__Dataset extract__
=== Section Start ===

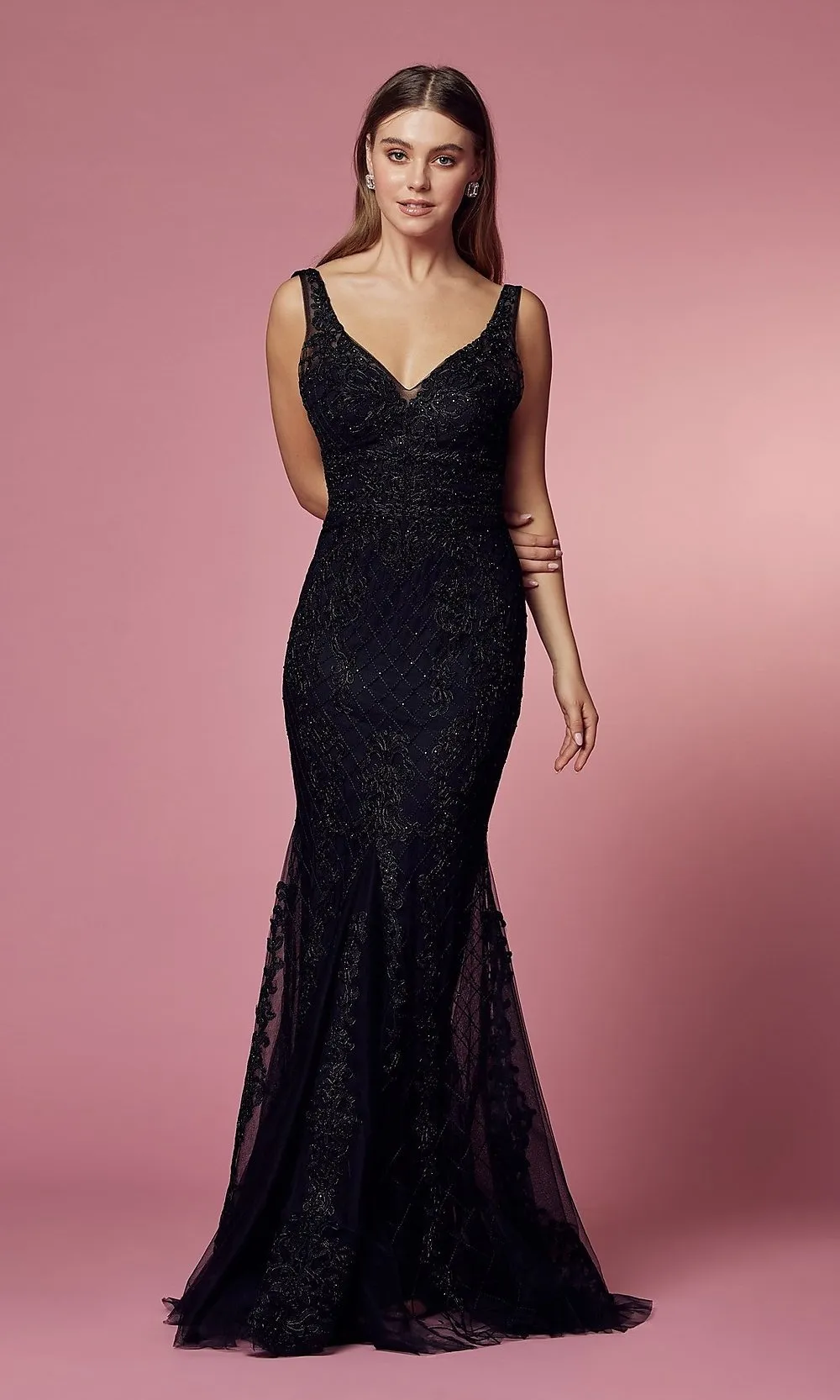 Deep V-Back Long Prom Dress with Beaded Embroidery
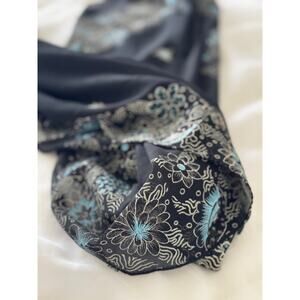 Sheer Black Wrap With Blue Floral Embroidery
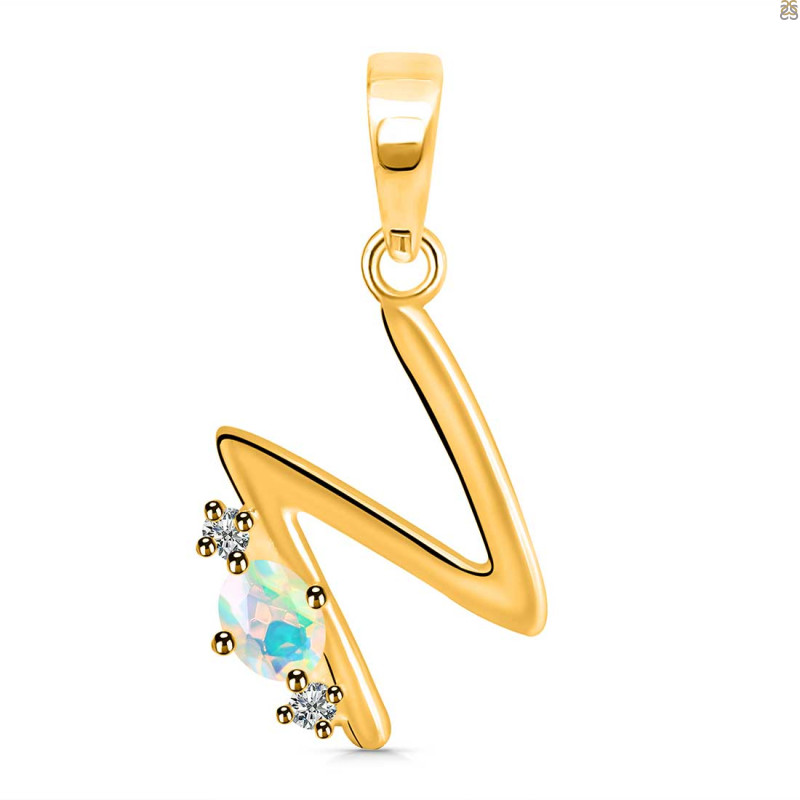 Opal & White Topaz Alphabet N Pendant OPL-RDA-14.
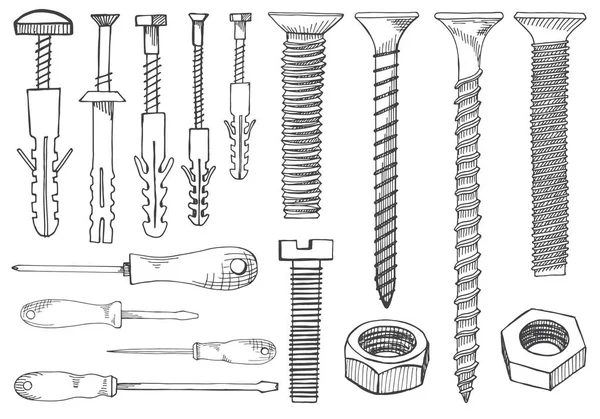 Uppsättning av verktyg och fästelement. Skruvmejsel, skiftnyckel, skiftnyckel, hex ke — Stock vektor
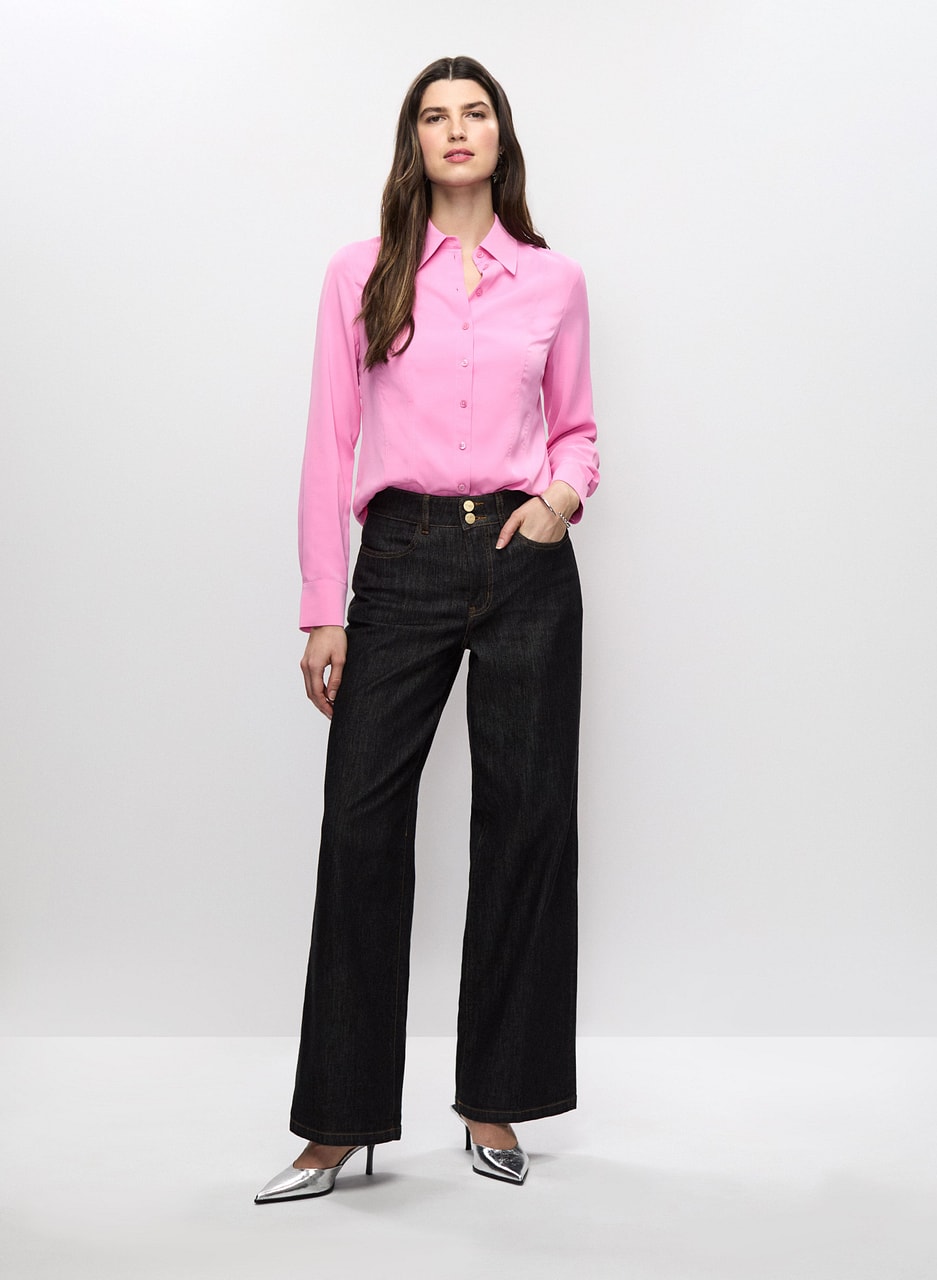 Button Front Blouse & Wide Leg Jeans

=== Section End ===
=== Section Start ===

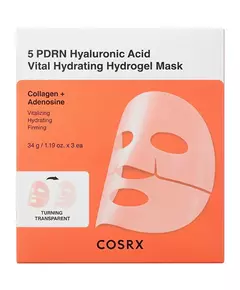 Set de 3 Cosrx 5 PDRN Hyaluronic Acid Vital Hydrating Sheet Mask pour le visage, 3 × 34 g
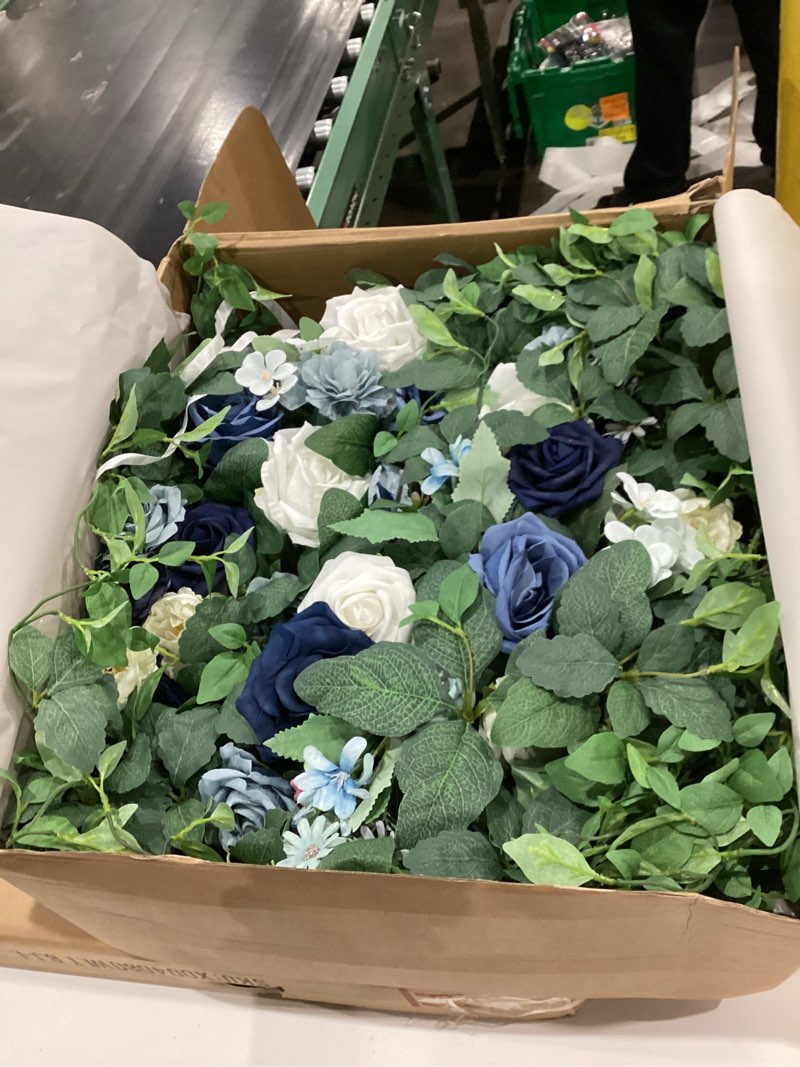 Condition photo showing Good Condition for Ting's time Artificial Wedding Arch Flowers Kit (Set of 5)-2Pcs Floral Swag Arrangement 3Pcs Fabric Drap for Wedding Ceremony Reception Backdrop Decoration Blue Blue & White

=== Section End ===

__Prompt__
In the records above, find the line with "Set de 3 Cosrx". Print exactly from there through the line with "Condition photo showing", minus the pictures.

__Result for this task__
 Set de 3 Cosrx 5 PDRN Hyaluronic Acid Vital Hydrating Sheet Mask pour le visage, 3 × 34 g
 Condition photo showing Good Condition for Ting's time Artificial Wedding Arch Flowers Kit (Set of 5)-2Pcs Floral Swag Arrangement 3Pcs Fabric Drap for Wedding Ceremony Reception Backdrop Decoration Blue Blue & White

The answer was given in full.